Aliphatic aldehydes are named as derivatives of their longest alkyl chain. Thus, HCHO is named as a derivative of methane, and CH3CH2CH2CHO is named as a derivative of butane. The suffix -al replaces the -e of the alkane name. Thus, HCHO is named methanal, more commonly known as formaldehyde, and CH3CH2CH2CHO is named butanal.
When a -CHO group is attached to a ring, the suffix -carbaldehyde is used. Thus, C6H11-CHO is known as cyclohexanecarbaldehyde. The name benzaldehyde is used as the root for aldehydes derived from benzene.
Physical properties
The carbonyl group is polar. Oxygen being more electronegative, pulls the bond pair towards itself thus creating electron deficiency at the carbon atom.
Chemistry
Preparation
There are several methods for preparing aldehydes:
- Reacting a primary alcohol with an oxidizing agent. In the laboratory this may be achieved by heating the alcohol with a chromium(VI) reagent an acidified solution of potassium dichromate, which is reduced to green Cr3+ during the reaction. Excess dichromate will further oxidise the aldehyde to form a carboxylic acid, so either the aldehyde is distilled out as it forms (if volatile), or milder methods such as PCC oxidation, IBX acid, Dess-Martin periodinane or Swern oxidation are used. The equation is shown below with propan-1-ol being oxidised to form propanal.

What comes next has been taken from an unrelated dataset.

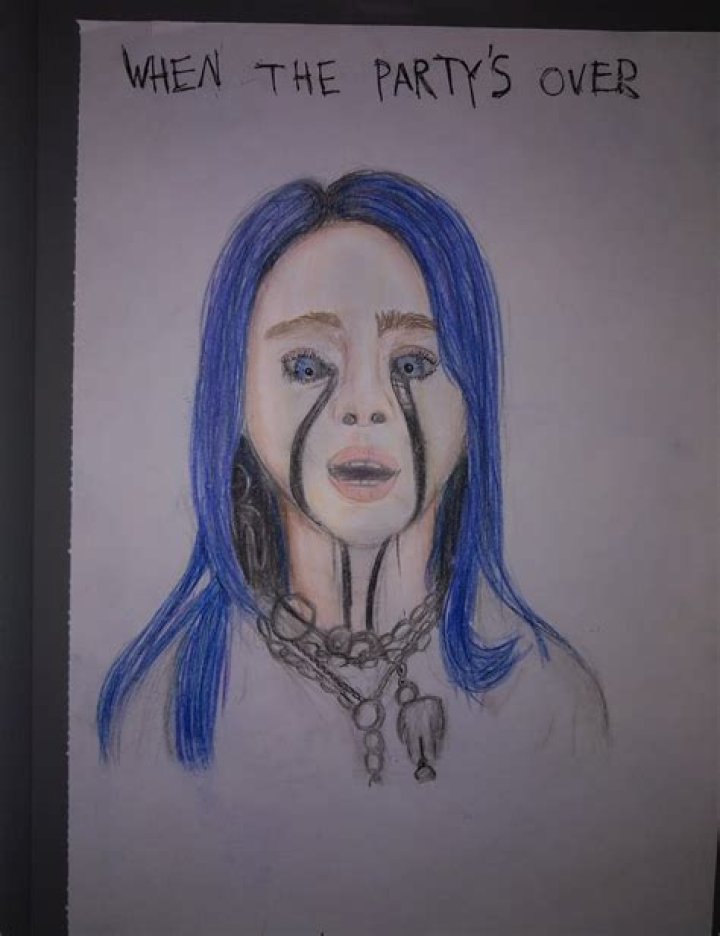 Question: When The Party's Over Drawing Eye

- CH3CH2CH2OH —→ CH3CH2CHO
- A similar process reacting pentan-1-ol to form pentanal is illustrated below.
- Reacting an alkene (if there is a vinylic hydrogen) with ozone will cause the C=C bond to break yielding an aldehyde upon workup, in a process called ozonolysis.
- Reacting an ester with DIBAL-H can cause reduction, yielding an aldehyde.

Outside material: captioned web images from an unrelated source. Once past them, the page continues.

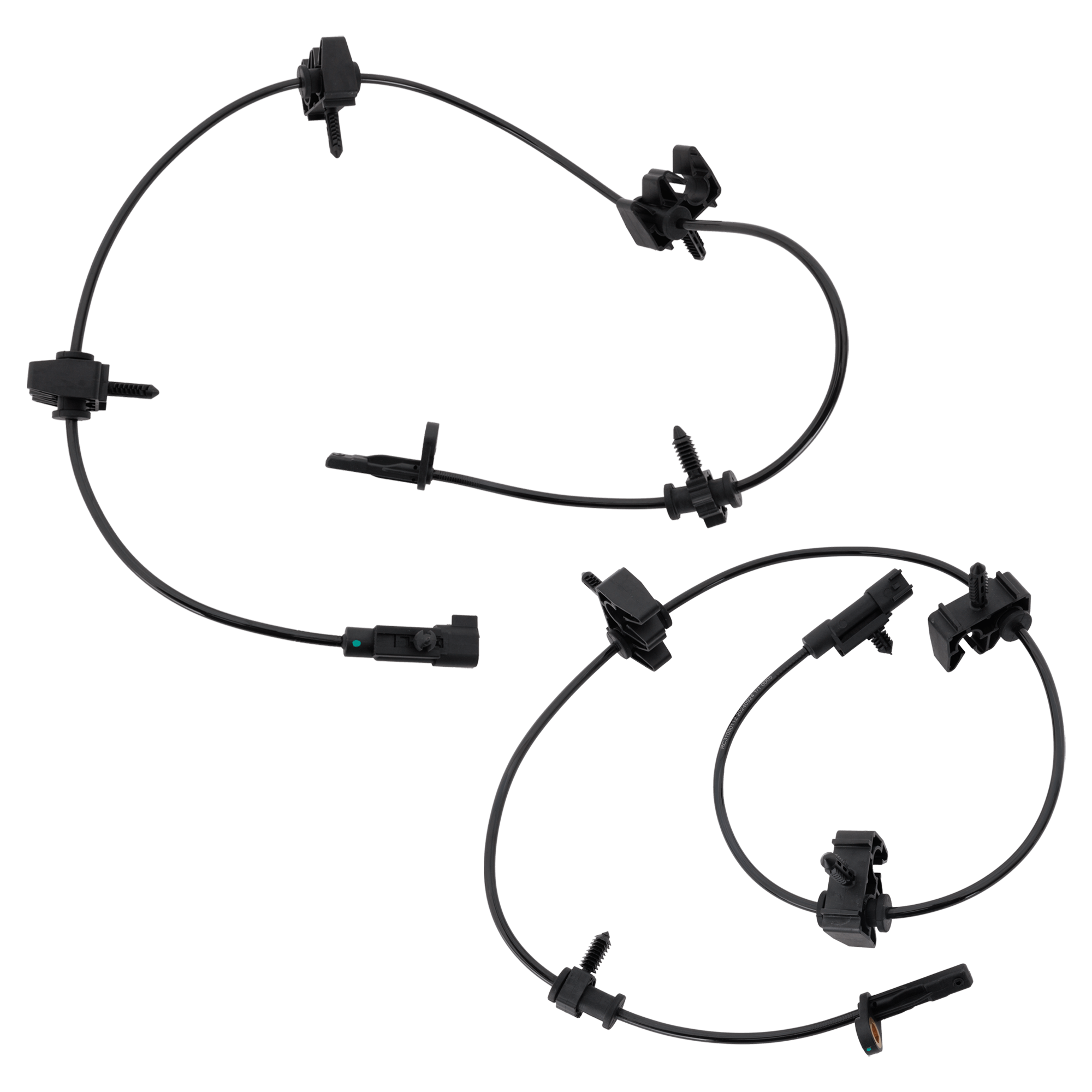 AM SRX 10-14 SPEED SENSOR ABS Rear RH AND LH w o Adaptive Cruise Control SKU SET RC31080111 OEM 15921850-25894693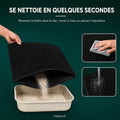 Tapis attrape-litière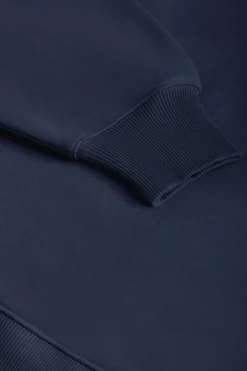 Sudadera básica navy de cuello redondo Minimal Polo Club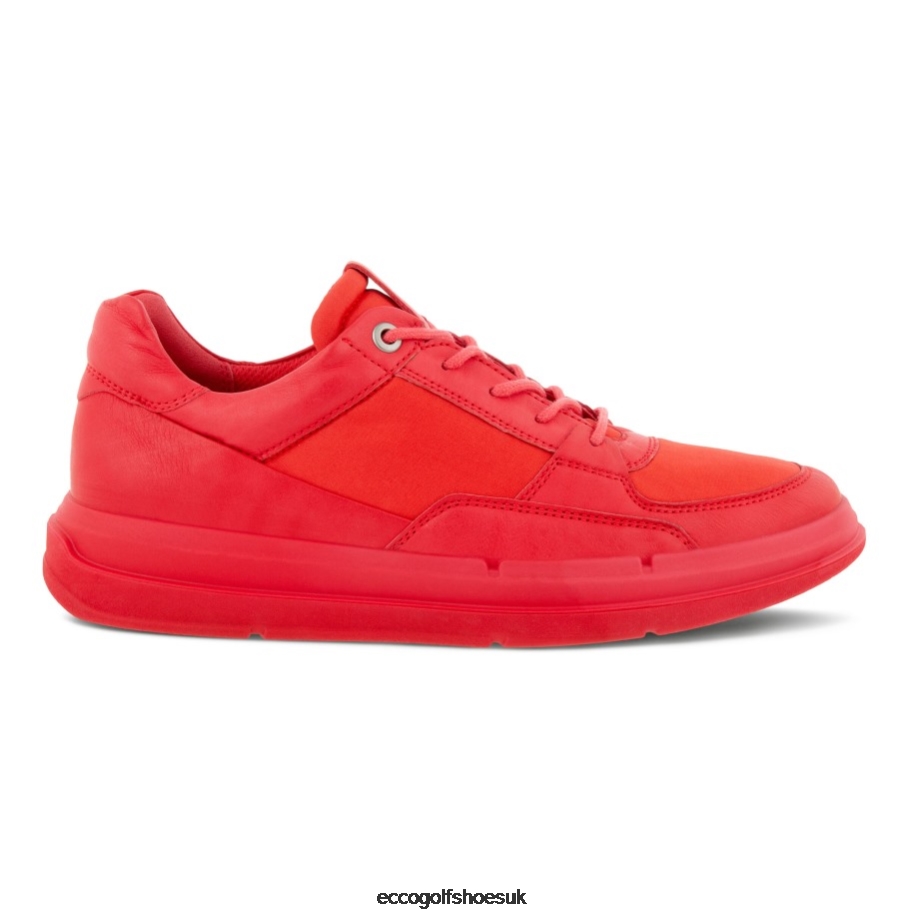 Ecco SOFT X Sneaker Hibiscus-Hibiscus Women Shoes Hibiscus- Ecco at Low Price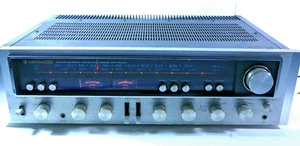 Vintage KENWOOD KR-7600 AM/FM Stereo Receiver for parts or repair - Picture 1 of 11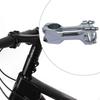 1inch Handlebar Stem Riser Aluminum Alloy Easily Install Lightweight Accessory for Road Bikes Spare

- Reduction of an acid chloride using the Rosenmund reduction.
- reaction of ketones with methoxymethylenetriphenylphosphine in a modified Wittig reaction
Common reactions
- aldehydes react with alcohols and an acid or base to a hemiacetal, the hemiacetal and alcohol and more acid catalyst further react to an acetal and water
- Simple hemiacetals are usually unstable, although cyclic ones such as glucose do exist. Acetals are stable, but these revert to the aldehyde in the presence of aqueous acid.
- Treating aldehydes with oxidizing agents such as potassium permanganate, nitric acid, chromium(VI) oxide or acidified potassium dichromate), will yield a carboxylic acid.

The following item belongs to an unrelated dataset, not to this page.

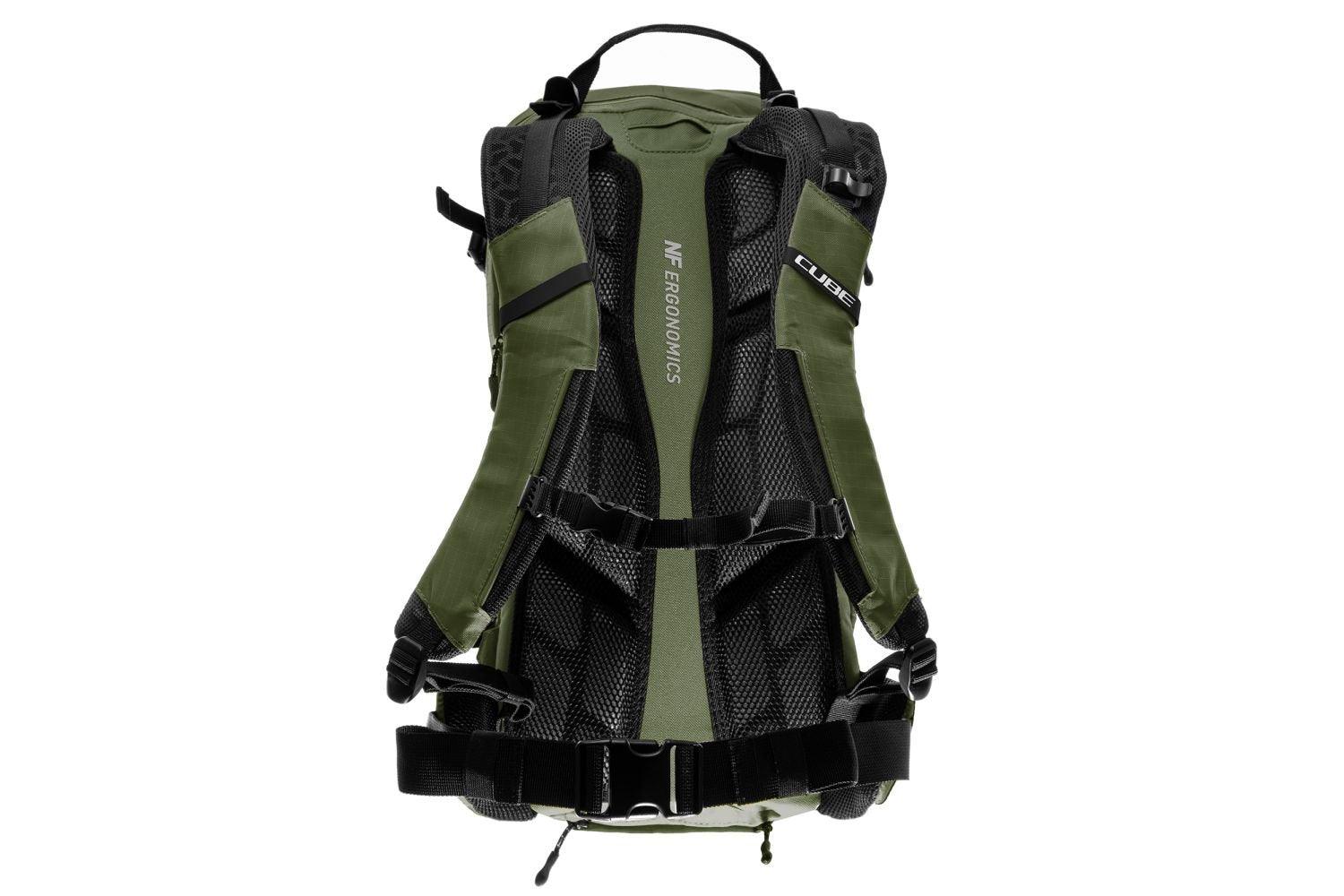 Cube Rucksack ATX 22 - Liquid-Life #Wähle Deine Farbe_TM Olivgrün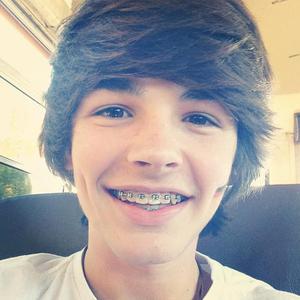 lovely boys with dimples and braces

- Treating aldehydes with Tollens' reagent (which is prepared by adding a drop of sodium hydroxide solution into silver nitrate solution to give a precipitate of silver(I) oxide, and then adding just enough dilute ammonia solution to redissolve the precipitate in aqueous ammonia to produce [Ag(NH3)2]+ complex) will convert aldehydes to carboxylic acids without attacking carbon-carbon double-bonds. This reaction is also known as the silver mirror test.
- Aldehydes can react with water (under acidic or basic conditions) to form hydrates, R-C(H)(OH)(OH), although these are only stable when strong electron withdrawing groups are present, as in chloral hydrate. The mechanism is identical to hemiacetal formation.
- Aldehydes can react with HCN to form cyanohydrins, R-C(H)(OH)(CN).
- Treating an aldehyde with a Grignard reagent can yield an alcohol with a substituted group from the Grignard reagent.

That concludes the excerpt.